# Tiger Shark Mount



## OUTCAST (Jan 5, 2013)

This was just before it was boxed and shipped.


----------



## 56willysnut (Jan 5, 2013)

Wow

How big was it?


----------



## new blood (Jan 5, 2013)

Awesome Chip! Is that your mount or one of your clients?What was measurements and weight? I don't think I ever sent you a pic my tiger shark mount from my charter with you. I'll try to remember to do it tomorrow and post it.


----------



## OUTCAST (Jan 6, 2013)

56willysnut said:


> Wow
> 
> How big was it?



Mounted quite a few this year, so I cant remember....but I think it was 11ft, 400lbs.


----------



## OUTCAST (Jan 6, 2013)

new blood said:


> Awesome Chip! Is that your mount or one of your clients?What was measurements and weight? I don't think I ever sent you a pic my tiger shark mount from my charter with you. I'll try to remember to do it tomorrow and post it.



Thanks Cal! 
Its from one of my charters from last summer. Dont quote me on it, but I think it was around 11ft, 400lbs. They were set on mounting a big shark. The first 4 were 8-10ft Lemons which were nice, and then this girl hit. 

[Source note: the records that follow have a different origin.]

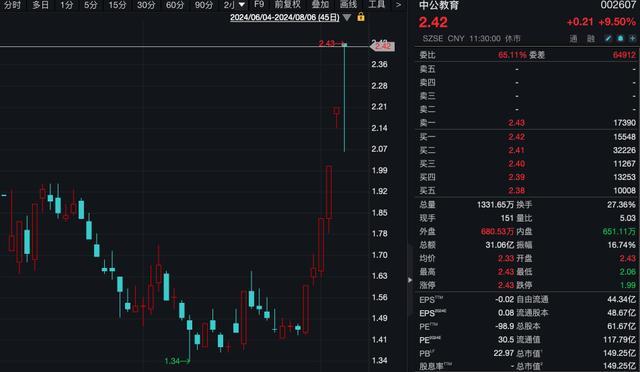 A股11连板大牛股，罕见上演“地天地” 教育光伏双轮驱动市场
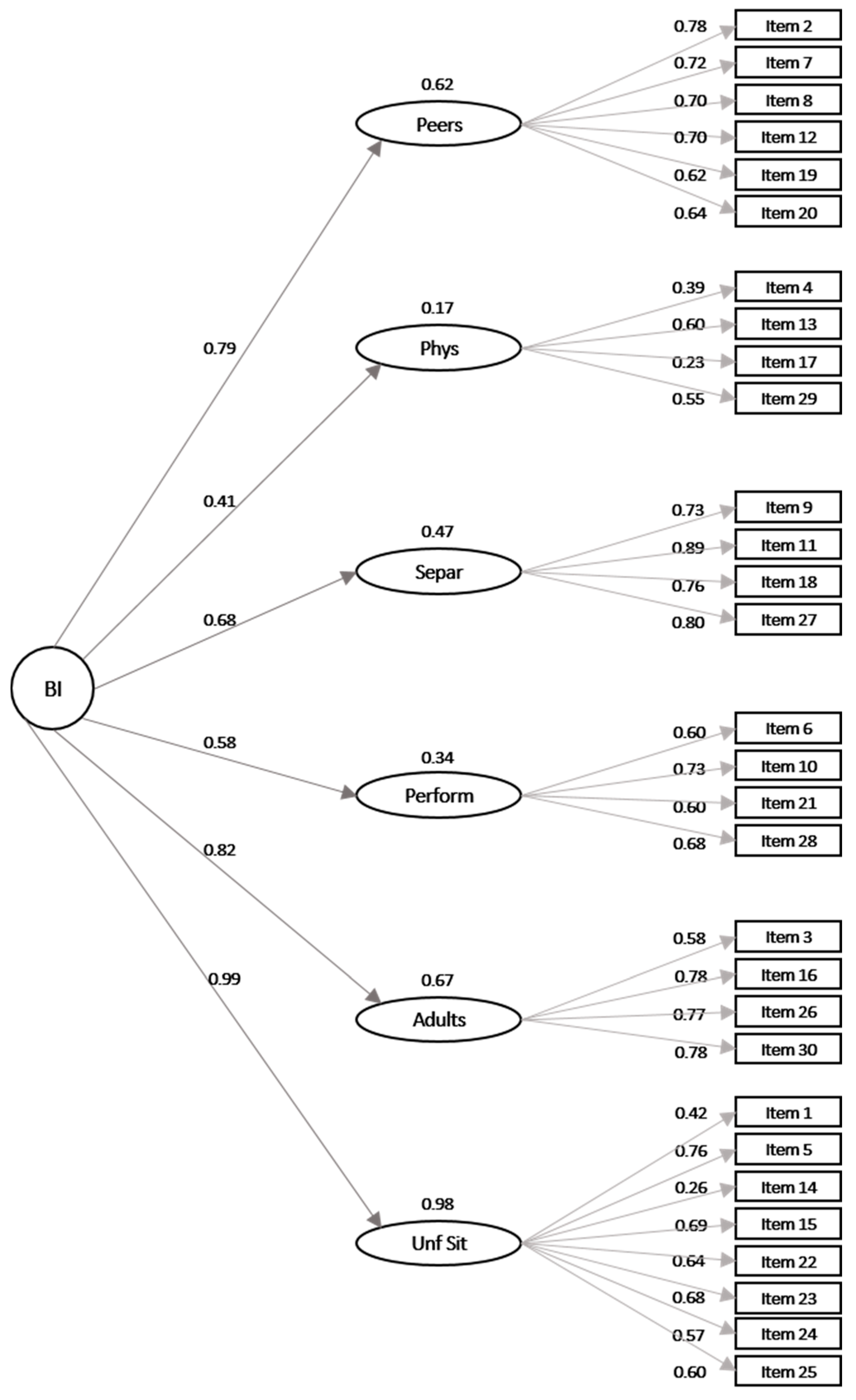 Ijerph 18 05522 g001 Ijerph 18 05522 g001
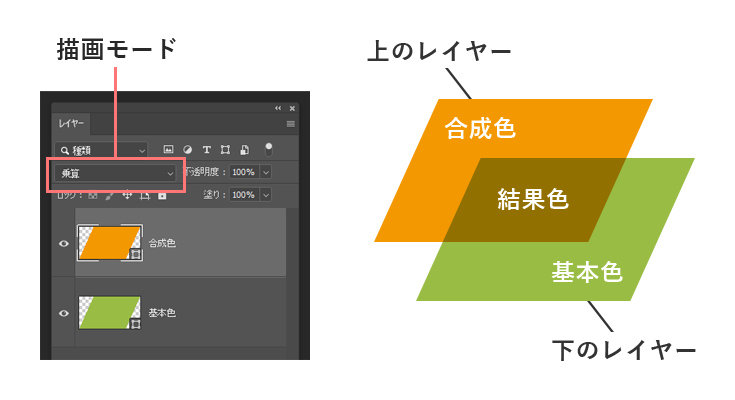 Photoshopの描画モードで魅力的なクリスマスカードを作ろう フロントエンドblog ミツエーリンクス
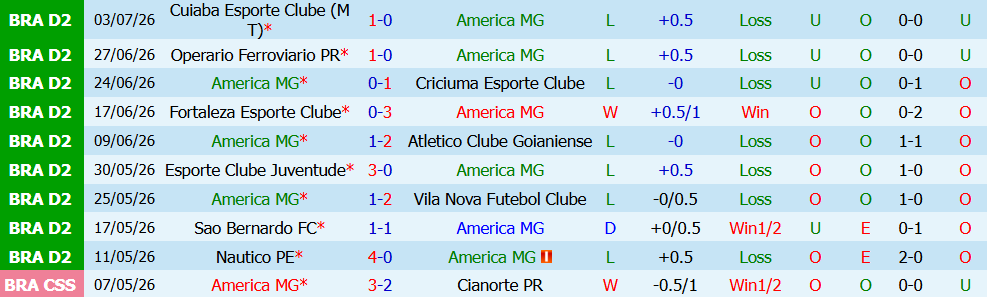 Nhận định bóng đá America MG vs Londrina PR, 05h00 ngày 14/07: Cách biệt - Ảnh 5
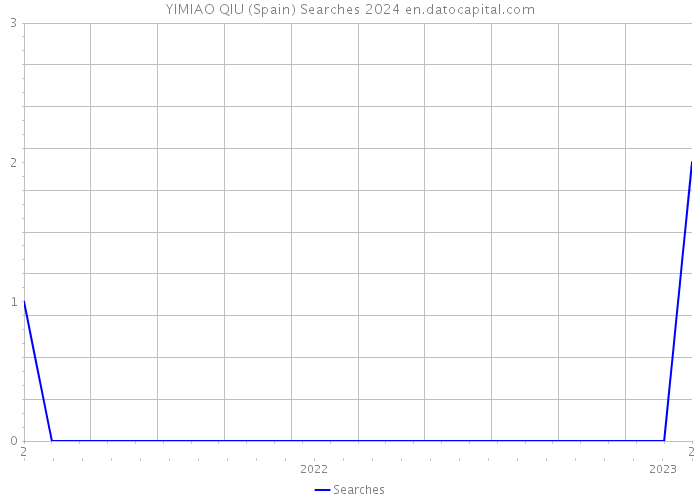 YIMIAO QIU (Spain) Searches 2024 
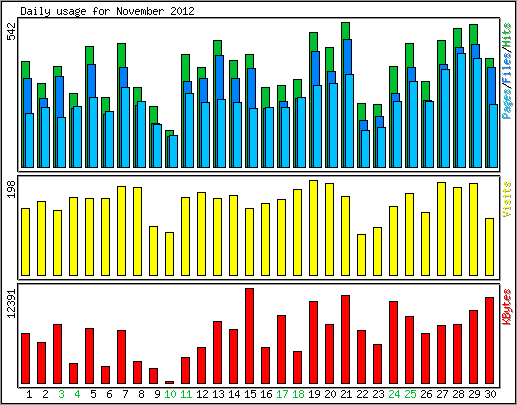 Daily usage
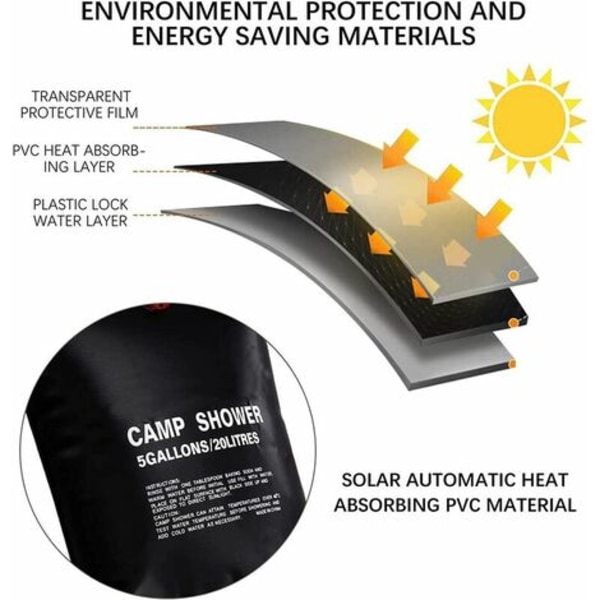 Havebruser Solbrusetaske Camping-20L Solbruser Camping Vandring Bærbar Solar Brusepose Varmt Vand med Aftagelig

I've never seen the one on your wall. Please email it or put it on here when you get a chance. Hope you had a good New Years bud!


----------



## Bryannecker (Jan 6, 2013)

*Mounts add to any angler's home decor for sure!*

Very realistic!  
It looks like you do a number of species other than sharks?
Mounts add to every home of an avid angler.  I have about ten in my home and fishing lodge.  From a 14" Croaker to a 75 lbs Black Drum and a 40 lbs Striper.  I would have more if my wife would allow it, or if I could afford it, to tell the truth.   They just make for a better home for any angler.  Thanks for posting.
Capt. Jimmy


----------



## OUTCAST (Jan 6, 2013)

Thanks, Jimmy! 
The picture came from the taxidermist just before the sent it to my customer. I'm just the guide who put them on it. 

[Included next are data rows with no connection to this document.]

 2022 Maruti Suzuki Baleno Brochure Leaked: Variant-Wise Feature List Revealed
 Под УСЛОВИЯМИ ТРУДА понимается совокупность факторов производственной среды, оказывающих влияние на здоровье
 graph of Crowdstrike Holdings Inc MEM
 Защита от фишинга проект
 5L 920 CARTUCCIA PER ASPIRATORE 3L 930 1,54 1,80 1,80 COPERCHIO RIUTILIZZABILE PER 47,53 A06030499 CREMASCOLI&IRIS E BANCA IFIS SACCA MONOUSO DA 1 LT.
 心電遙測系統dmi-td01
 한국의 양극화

I completely agree with putting mounts on the wall. Each tell a little story, liven up the room and brag a little. And who in the world would rather have an artsy fartsy painting on the wall over a tarpon, sailfish or something memorable? Thanks again!


----------



## BornToHuntAndFish (Jan 6, 2013)

Way to go on a good job.


----------